- Relator(a)
- Ministro Napoleão Nunes Maia Filho
- Órgão julgador
- Primeira Turma
- Data do julgamento
- 19/09/2017
- Data de publicação
- 28/09/2017
STJ – Acórdão, Rel. Ministro Napoleão Nunes Maia Filho, Primeira Turma, j. 19/09/2017, p. 28/09/2017
ADMINISTRATIVO E PROCESSUAL CIVIL. AGRAVO INTERNO NO AGRAVO EM RECURSO ESPECIAL. MANDADO DE SEGURANÇA OBJETIVANDO A INSCRIÇÃO DO IMPETRANTE EM CURSO DE RECICLAGEM DE VIGILANTE E POSTERIOR HOMOLOGAÇÃO DO REGISTRO DO CERTIFICADO. EXISTÊNCIA DE PROCESSO CRIMINAL QUE FOI ARQUIVADO POR AUSÊNCIA DE JUSTA CAUSA PARA A PROPOSITURA DA AÇÃO PENAL. POSSIBILIDADE. ENTENDIMENTO EM CONSONÂNCIA COM A JURISPRUDÊNCIA DO STJ. SÚMULA 83/STJ. AGRAVO INTERNO DA UNIÃO A QUE SE NEGA PROVIMENTO. 1. A jurisprudência desta Corte Superior consolidou entendimento segundo o qual viola o princípio da presunção de inocência o impedimento de participação ou registro de curso de formação ou reciclagem de vigilante, por ter sido verificada a existência de Inquérito ou Ação Penal não transitada em julgado. Precedentes: AgInt no REsp. 1.544.125/RS, Rel. Min. GURGEL DE FARIA, DJe 30.5.2017; AgInt no AREsp. 962.253/MS, Rel. Min.

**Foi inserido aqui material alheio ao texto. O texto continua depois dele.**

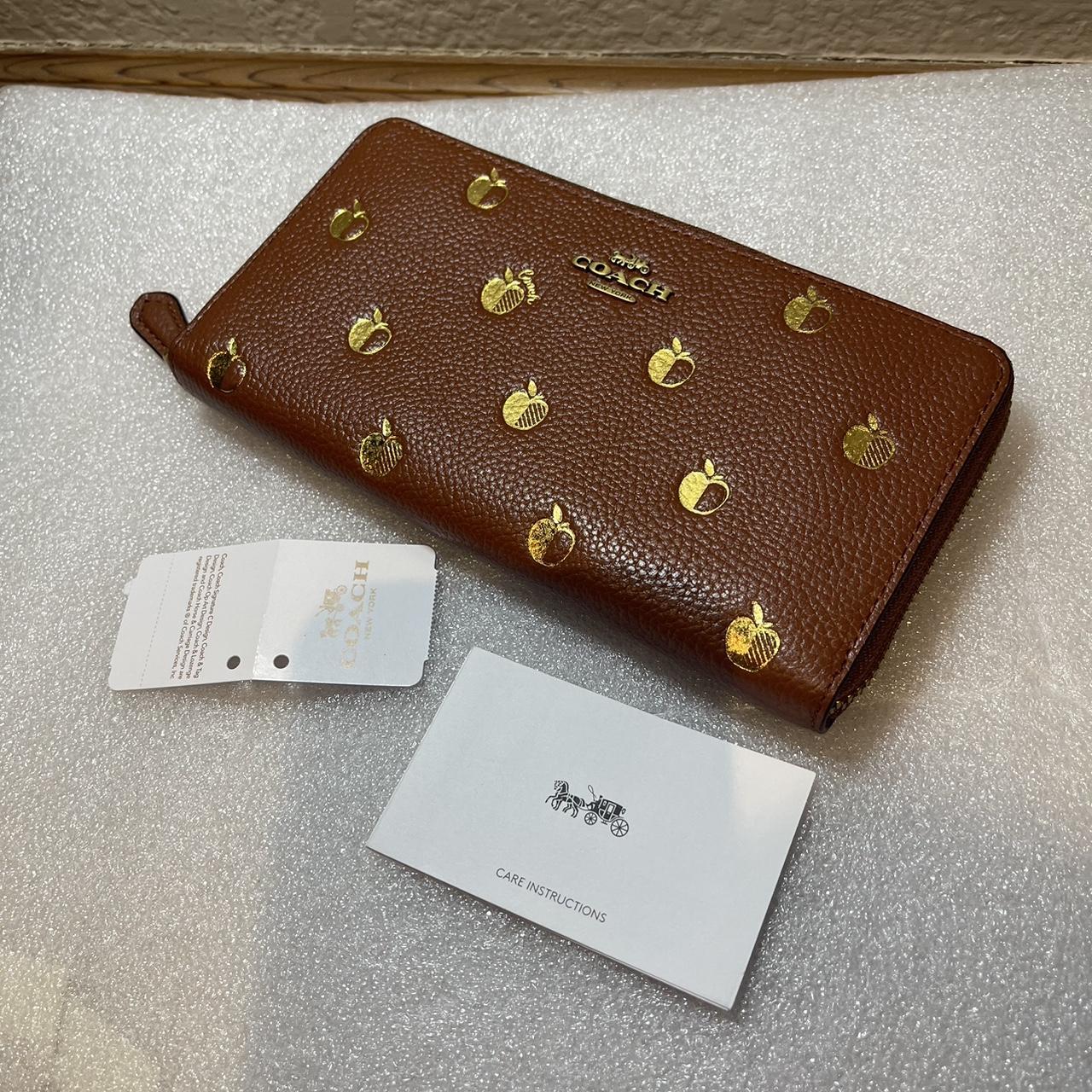 Coach best sale apple wallet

HERMAN BENJAMIN, DJe 2.5.2017. 2. Na hipótese dos autos, a parte autora teve indeferido o pedido de registro e validação do curso de reciclagem de vigilante por ter sido indiciado e denunciado por fatos em apuração no bojo dos autos do Inquérito Policial 364/2007 do Departamento de Policial Federal/Juiz de Fora/MG, cuja peça acusatória foi rejeitada por faltar justa causa para o manejo da Ação Penal, tendo sido determinado o arquivamento dos autos 2007.38.01.005748-0, que foi utilizado como fundamento para indeferimento do pedido formulado pelo autor junto ao DPF. 3. Veja-se que no caso em apreço o ora recorrido sequer figurou como réu, uma vez que a denúncia apresentada pelo órgão ministerial foi rejeitada por ausência de justa causa para a propositura da Ação Penal, não se mostrando razoável que seja impedido de registrar e validar o curso de reciclagem de vigilante a que submetido, tão somente por ter sido alvo de investigação em procedimento policial. 4. Agravo Interno da UNIÃO a que se nega provimento. (AgInt no AREsp n. 1.071.931/MG, relator Ministro Napoleão Nunes Maia Filho, Primeira Turma, julgado em 19/9/2017, DJe de 28/9/2017.)